Свободный полет. Праздник

Все переделки сценария производились прямо по ходу съемок: начав снимать, я понял, что не сделаю картину, если оставлю все, как было написано. А сценарий-то был хорошим! Я и сейчас задумываюсь: стоило ли его менять? Отличный бы фильм получился. Хотя совсем иной, чем я сделал.

Поскольку картина рождалась в свободном полете, такое она и обрела дыхание – свободное, раскованное; она получилась легкой по языку, деструктурированной, без явно выраженной драматургии. И конец с цыганами тоже появился не из сценария. Просто неподалеку на Волге была цыганская деревня, и я придумал праздник в конце. К нему я очень тщательно вел развитие фильма.

Могу сказать, откуда этот праздник у меня появился – из Феллини, из "8 1/2". Подобный карнавальный финал, где смех сквозь слезы и слезы сквозь улыбку, великий музыкальный выход, я использовал дважды. Второй раз – в "Сибириаде". Там, в финале, на горящем кладбище, опять возникает праздник: из разных времен приходят герои – поцелуи, смех сквозь слезы, просветление, сменяющее отчаяние, катарсис. Это от Феллини, от него, от гения непревзойденного. Но поскольку я не крал у него форму, а лишь черпал вдохновение, музыку души, то мысль о плагиате никому не приходила в голову. Но именно Феллини со своим феноменальным прозрением, с этим выплеском карнавала дал толчок рождению двух этих финалов. Оба они решены очень динамично, в них все движется – бегут куда-то люди, танцуют, кого-то тащат, сбрасывают куда-то вниз, в овраг сарайчик... А в "Сибириаде" – восставшие из могил мертвые, трактора, огонь... Очень русский праздник. Вдохновленный итальянским гением.
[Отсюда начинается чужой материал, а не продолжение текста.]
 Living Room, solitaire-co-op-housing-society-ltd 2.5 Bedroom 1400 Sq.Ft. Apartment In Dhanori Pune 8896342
Я очень тщательно готовился к финалу "Аси". По наитию его снимать было нельзя. Все надо было продумать.

Обманывать тоже надо уметь. Я учился этому у великих. Великий возвышающий обманщик Куросава! И он, и Бюнюэль, и Феллини, и Бергман, мои кумиры – все великие возвышающие обманщики! Они великие именно потому, что создают свою реальность, очень непохожую на жизнь. Но эта придуманная реальность волнует. Заставляет смеяться и плакать. Ибо в этой театральности – жизнь духа, абсолютная убеждающая правда. Конечно же, великий обман искусства должен быть возвышающим.

По каждой картине я могу проследить, что и у кого "заимствовал", можете считать, крал. Или, если хотите, – кто меня вдохновлял. И до сих пор вдохновляет. Когда что-то не получается, снимаю с полки наугад любую картину Куросавы, проматываю на видике где-то до середины и смотрю. С первой секунды – ощущение правды. И почти сразу приходит решение, как снимать.

Вот так же – он сам пишет об этом – Бергман открывает наобум Чехова. Не утверждаю, что он внимательно его читает и перечитывает. Просто открывает на первой попавшейся странице. Что у него берет? Камертон. А с ним и понимание, как делать свой фильм.

Главное, что заимствуешь у великих, – их смелость. Когда чего-то не знаешь, заходишь в тупик, робеешь. А великие словно говорят: "Не бойся, мальчик! Лети! Не упадешь!"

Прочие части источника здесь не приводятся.